**Crawled caption data**
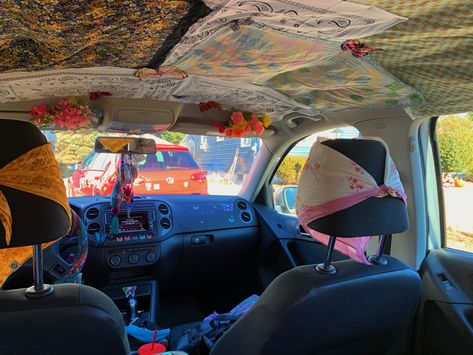 Car Interior Diy, Hippie Car, Inside Car, Essentials Aesthetic, Car Deco, Cool Car Accessories, Girly Car, Travel Essentials List, Car Goals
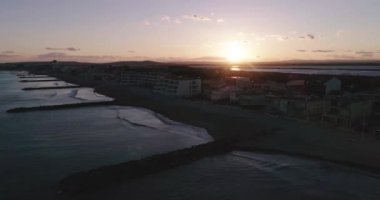 Montpellier yakınlarındaki Fransız sahil kasabası Palavas les Flots 'un hava manzarası. 2020 'de Fransa' nın güneyinde Palavas les flots, Herault 'da çekilen yüksek kaliteli 4K DJI Phantom 4 PRO görüntüsü.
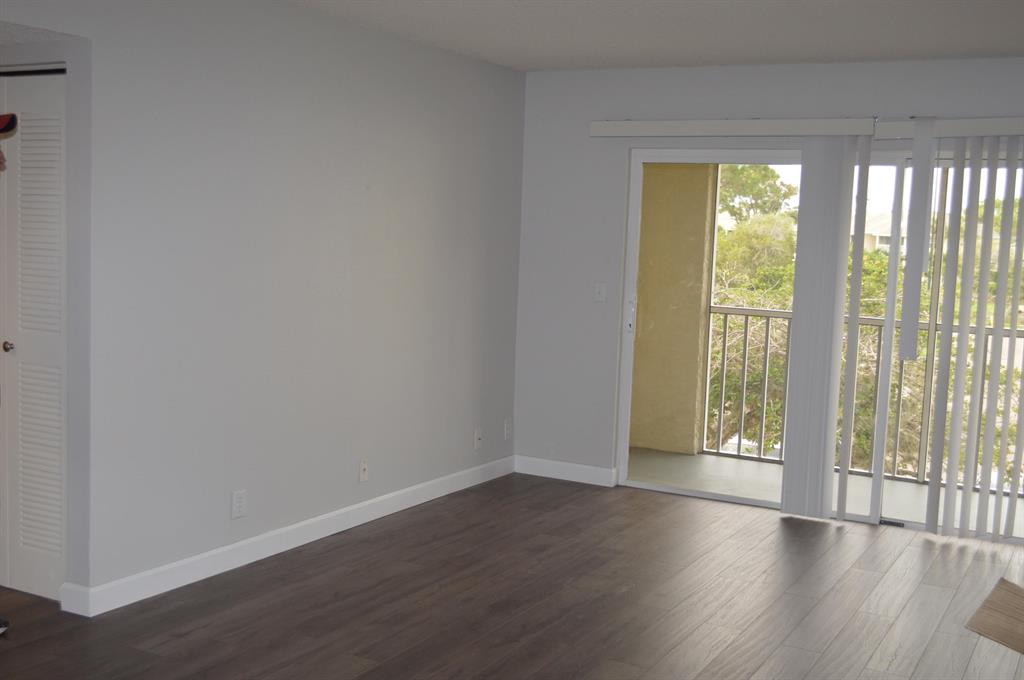 MIDPORT PLACE I, A CONDOMINIUM - Residential Lease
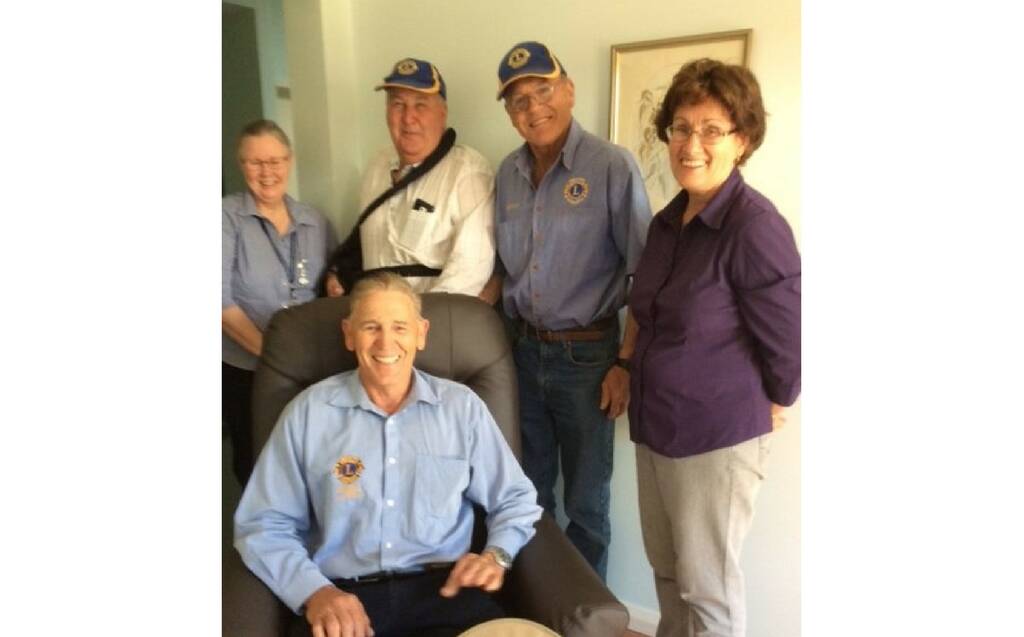 Lions club donates chair to Northam hospice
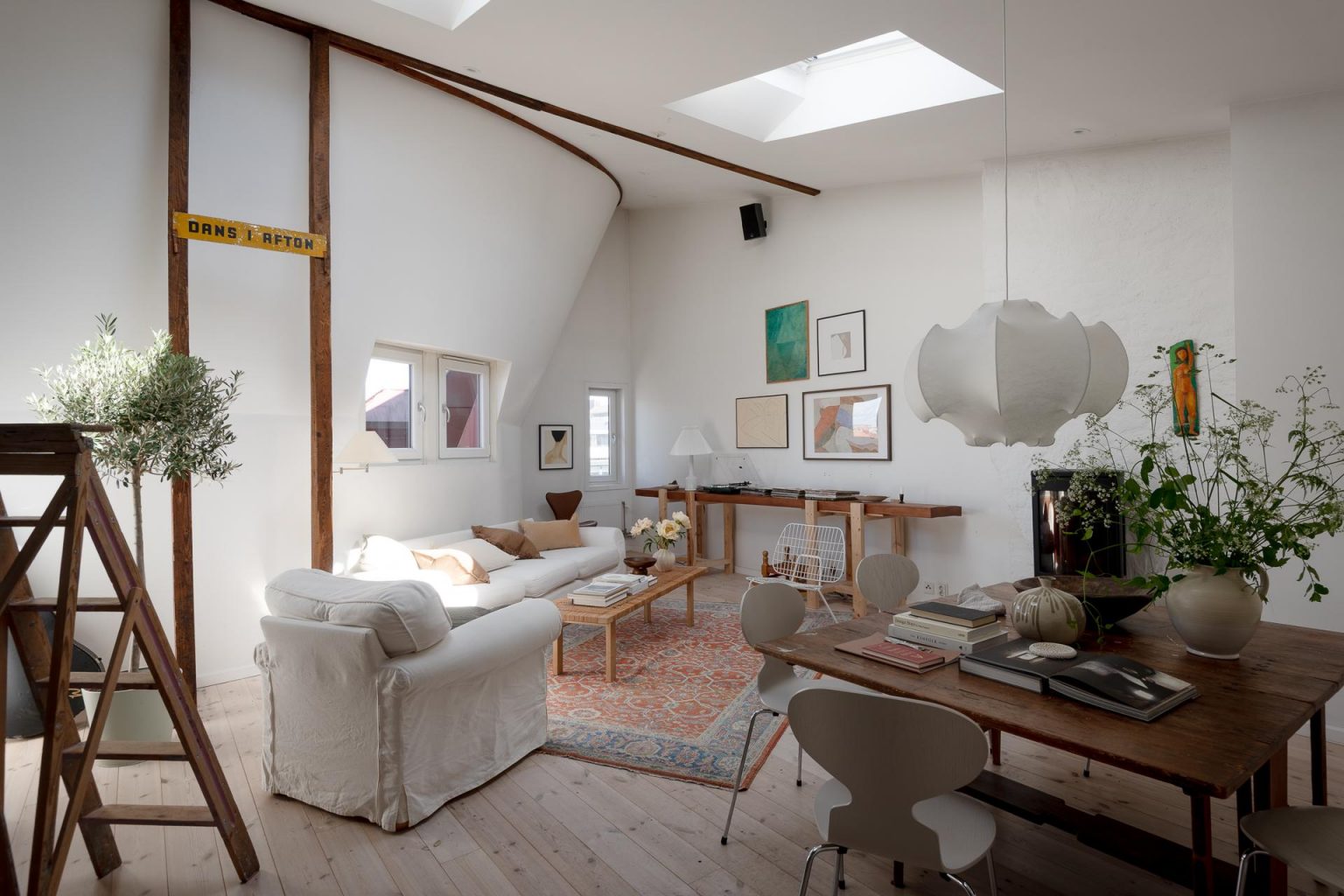 salon mansardé et salle à manger décoration scandinave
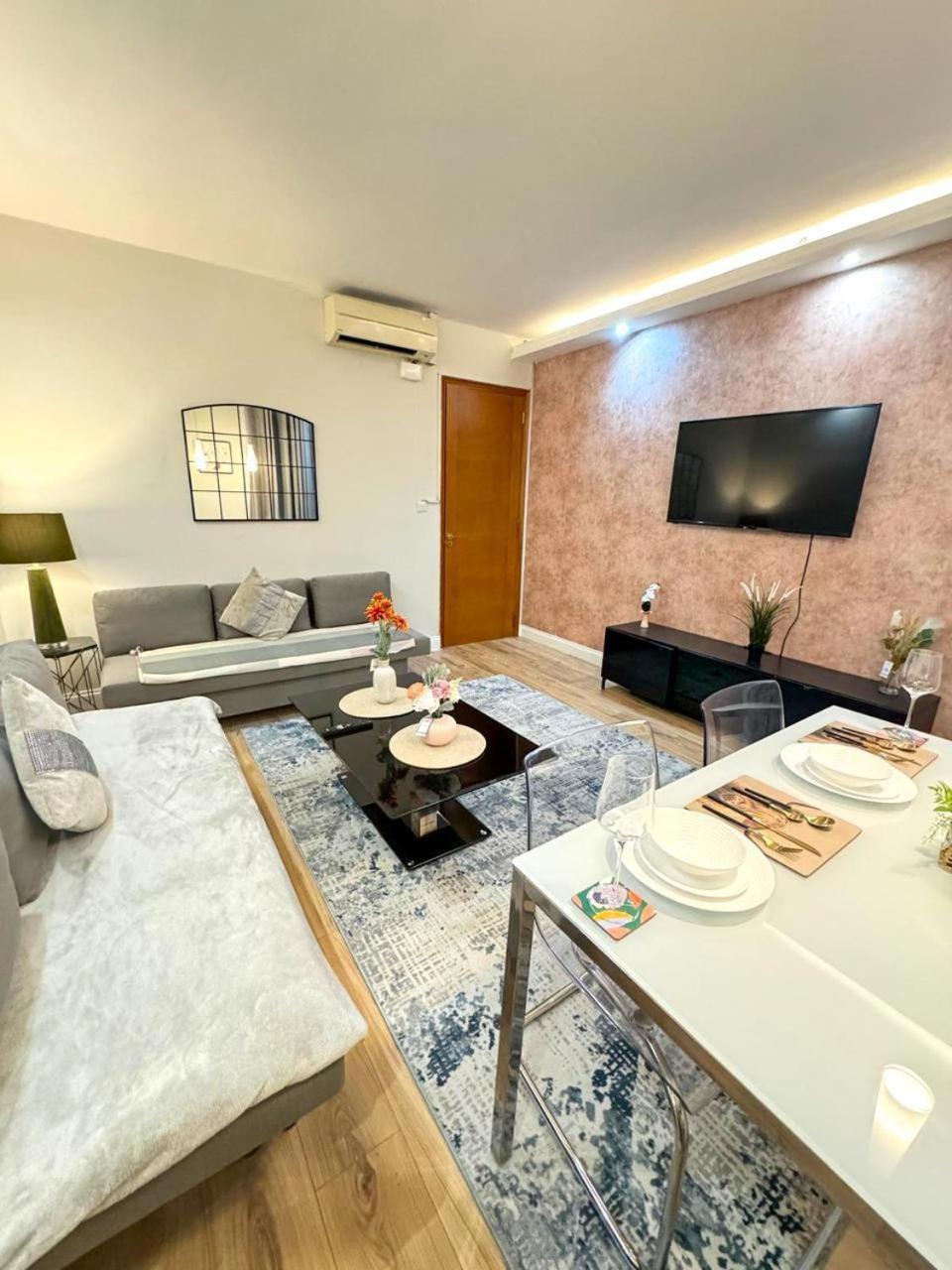 Park Lane Beautiful Family Apartment *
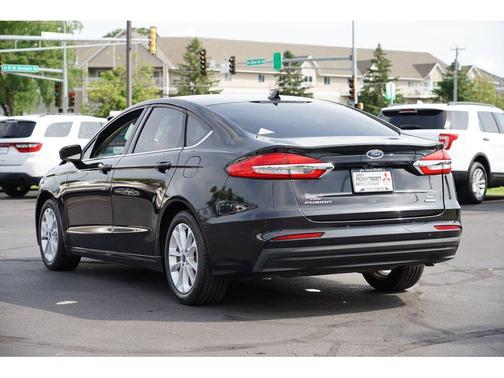 2020 Ford Fusion Hybrid SE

**Exercise aim**
Each entry above should be copied word for word, with the images omitted.

**Answer below**
 Car Interior Diy, Hippie Car, Inside Car, Essentials Aesthetic, Car Deco, Cool Car Accessories, Girly Car, Travel Essentials List, Car Goals
 Montpellier yakınlarındaki Fransız sahil kasabası Palavas les Flots 'un hava manzarası. 2020 'de Fransa' nın güneyinde Palavas les flots, Herault 'da çekilen yüksek kaliteli 4K DJI Phantom 4 PRO görüntüsü.
 MIDPORT PLACE I, A CONDOMINIUM - Residential Lease
 Lions club donates chair to Northam hospice
 salon mansardé et salle à manger décoration scandinave
 Park Lane Beautiful Family Apartment *
 2020 Ford Fusion Hybrid SE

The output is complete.